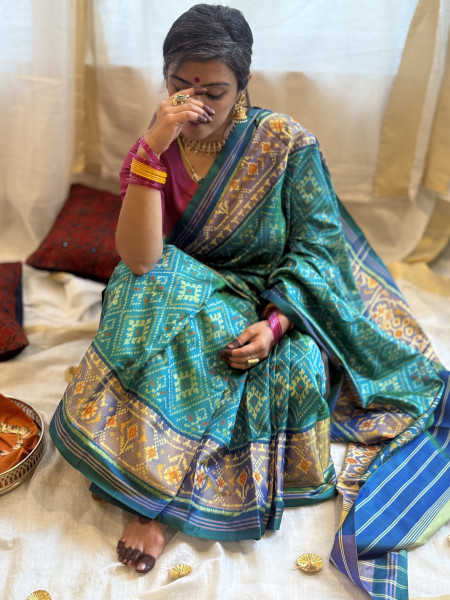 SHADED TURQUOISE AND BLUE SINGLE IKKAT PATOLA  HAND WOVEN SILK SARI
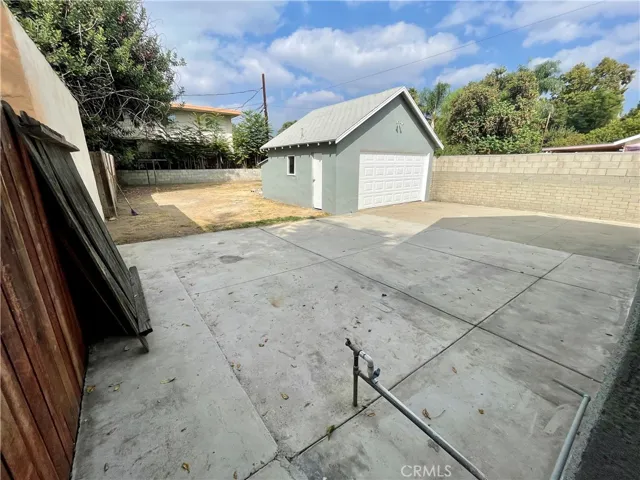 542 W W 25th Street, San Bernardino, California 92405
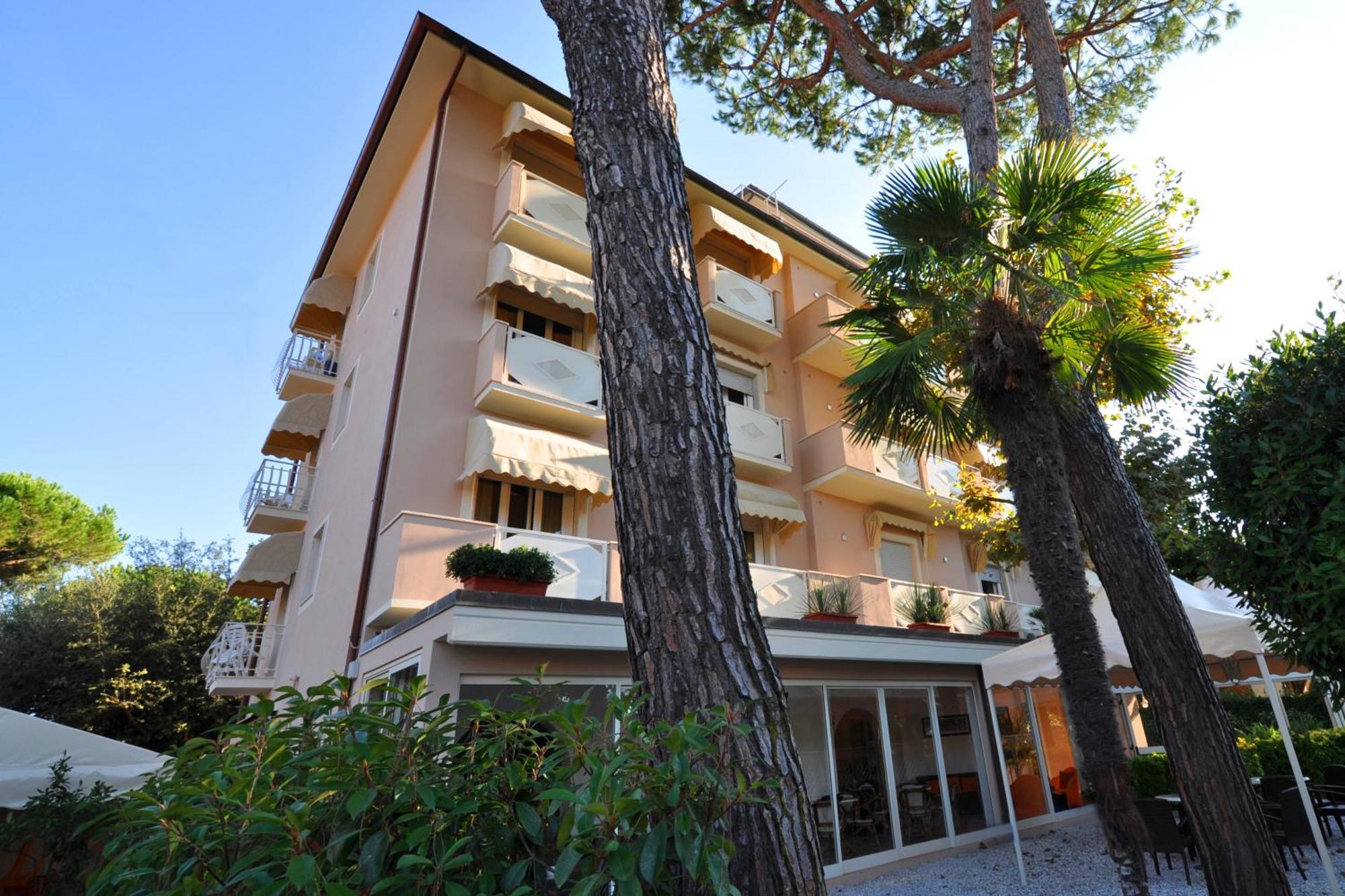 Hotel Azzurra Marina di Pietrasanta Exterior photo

## What you are asked to do:
Set down the material above as is, without any pictures.

## Answer below:
 SHADED TURQUOISE AND BLUE SINGLE IKKAT PATOLA  HAND WOVEN SILK SARI
 542 W W 25th Street, San Bernardino, California 92405
 Hotel Azzurra Marina di Pietrasanta Exterior photo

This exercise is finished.